By Ney Villasenor
While there is a huge push to bridge the gap between the banked and the unbanked in the Philippines, a huge number of the Philippine population still remain bereft of benefits of financial tools, as barriers, such as proximity to commercial banks, trust in lenders and even economic perception still linger.
We are a long way from reaching a more financially inclusive Philippines, but while the traditional way may seem far too lengthy, we believe that there is a shortcut to this goal, so to speak. We just have to look at the most often used device in the world—the mobile phone.
Over the past decade, the Bangko Sentral ng Pilipinas (BSP) has strengthened its initiatives in promoting financial inclusion. It has launched several programs aimed at cutting the processes and eliminating the barriers to gaining access to financial tools and services.
According to the World Bank, a financially inclusive society is where people and businesses have access to useful and affordable financial products and services that meet their needs. This means that financial tools, such as payments, savings, credit and insurance are readily available to them, all while ensuring that the use of these services are sustainable for the end-users.
In a financially inclusive society, a fisherman in the province of Sulu should be able to tap into credit in order to help him scale his operations faster by buying a new boat. Likewise, an expecting mother in Cagayan should also be able to have savings in order to finance her delivery and be able to provide for her future child.
By promoting financial inclusion, a fresh graduate with a business idea should be able to secure funding for his future enterprise. This is the very picture that the Central Bank wants to paint, and we are encouraged by the developments that the BSP had initiated in the financial regulatory space.
So far, we have seen a multiagency approach in tackling critical pain points in addressing the gap between the banked and unbanked. Different agencies, such as the Department of Education, the Civil Service Commission, and the Central Bank had been working hand in hand to develop new means of increasing financial literacy.
Likewise, the future national ID system will provide a much needed boost to bring financial services to the masses. It has been one of the key hurdles of individuals in participating in the financial landscape since day one. By providing free national ID to citizens, the government is removing a hurdle for people to gain access to a bank account.
Another development is the huge push for the stronger implementation of the National Retail Payments System, which aims to migrate 20 percent of total transactions to noncash means, especially digital payments.
Today, we have a very strict but open regulatory environment that fully supports the vision of having a more financially inclusive Philippines through programs, such as regulatory sandboxes, promotion of e-money, democratized personal credit products and rules on more efficient customer verification
processes.
With the emergence of mobile money technology, we are on the right track to reaching the industry’s goal of increasing the banked to at least 70 percent in 2023, a target that no less than BSP Governor Benjamin Diokno announced. This may sound like an ambitious and tall order given that only 3 out of 10 Filipino adults have bank accounts, but we believe that it is doable.

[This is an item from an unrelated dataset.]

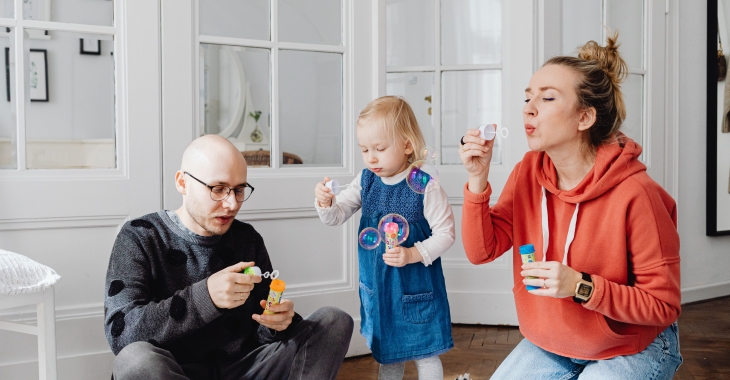 Twee ouders en een jong kind spelen samen met zeepbellen in huis. Het gezin geniet zichtbaar van een vrolijk en ontspannen moment samen.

Financial technology (fintech) is a means to bringing the much-needed financial tools closer to the palms of Filipinos. By leveraging innovation and advances in data science, fintech offers Filipinos a wide range of financial products that affords them the ability to participate in the financial landscape.
There are a number of e-money issuers in the Philippines that offer varied financial services, such as savings, credit and insurance. Through their mobile phones and apps, Filipinos can now access, enjoy and capitalize on opportunities that were previously far from their reach.
Our shared goal in the fintech space is to cater to the spectrum of needs of all sectors of society—especially the unbanked and the underbanked. Through fintech we are able to help people manage their finances better while reducing vulnerabilities to financial distress, debt, and poverty.
Financial inclusion is not exclusively beneficial to the unbanked. According to a report from Ernst & Young Ltd., promoting inclusivity in finance helps drive economic expansion, as more and more people participate in commerce and trade. Growth potentials, the report concluded, could reach as high as 30 percent such as in Kenya.
The Asian Development Bank also found that increasing access to financial instruments helps curb inequality, as it helps empower the poor to invest in their future.
Championing financial inclusion through technology, which makes access to savings, credit, and insurance a lot easier, is the future. Leveraging on the ubiquity of mobile phones, we are now able to make it easier for everyone to participate in the financial landscape—from the poor to the rich.
We have a huge opportunity to bridge this gap through fintech, as almost everyone in the Philippines now own a handset or two. Through fintech platforms, such as GCash, we are able to help the government achieve its goal of creating a more inclusive society.
By simplifying the processes and providing solutions that are tailored to the demands of time, we are helping shape the Philippines to become a more financially inclusive country, one where the fisherman, the mother, and the fresh graduate with a huge plan ahead have the power to unlock their dreams through financial security.
The author is Vice President and Chief Corporate Affairs Officer of GCash.